Power and the paywall: A Black feminist reflection on the socio-spatial formations of publishing

“Who owns knowledge? How do we disseminate it to benefit societal goals and values that speak norms of justice? Who should have access to knowledge? For whom should knowledge serve? In our time, the highly active landscape of knowledge production via publication, with widespread immediate interconnectivity of scholars around the world, allows for the making of a stronger intellectual community. It can be argued that this one of many impacts of globalization, in that academics are more interconnected than ever before, just as world economies, geopolitics, and global media. Moreover, the scholars who present new knowledges or make visible alternative knowledges come from a wider range of backgrounds than ever before, including non-white/Euro-descendant racial and ethnic groups, working class people, all genders, all sexualities, and non-Western nations. Beyond that, scholars are engaging with a broader body of research subjects and ideas that can transform society in exciting ways.
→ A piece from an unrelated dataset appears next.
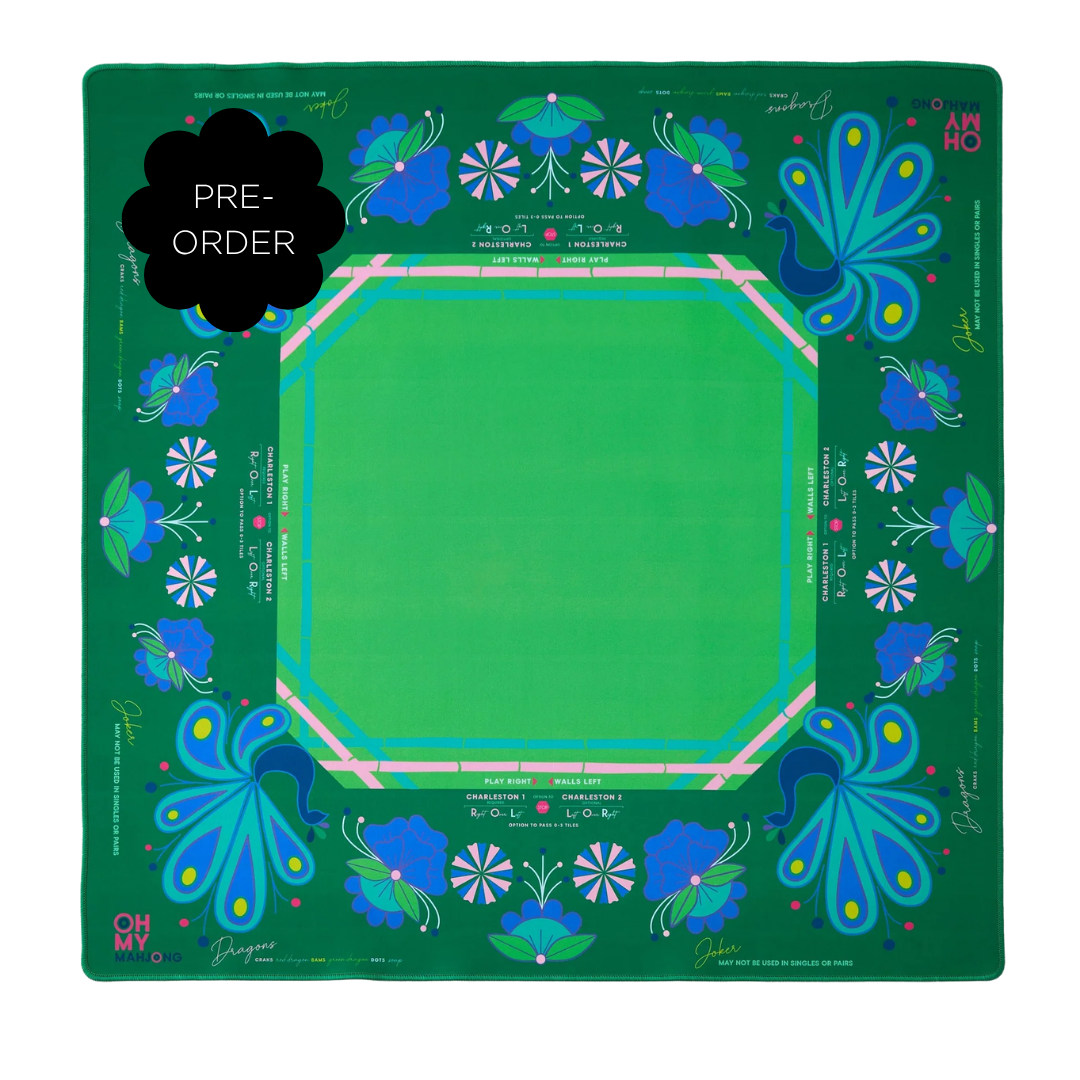 PRE-ORDER Birdie Green Mat in Tube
Understanding this means that theorizing the possibilities of open access is a productive dialogue. The challenges of paywalls are multiple and overlapping. Engaging in such debates calls for deconstructing the value of knowledge repositories guarded behind a pay schedule. There are a number of questions to raise regarding the gatekeeping mechanisms of paywalls: How do paywalls represent a form of power? For what reason do we create a financial barrier to intellectual labor? Aside from hosting intellectual work (in digital and print form), what is the necessity of creating a corporate system that profits from labor that journal hosting bodies are not financially or otherwise accountable to? The perspective in this paper is largely situated in a North American – primarily United States-based – perspective….

Widespread open access publishing would bring about a more just distribution of knowledge within the United States and globally.”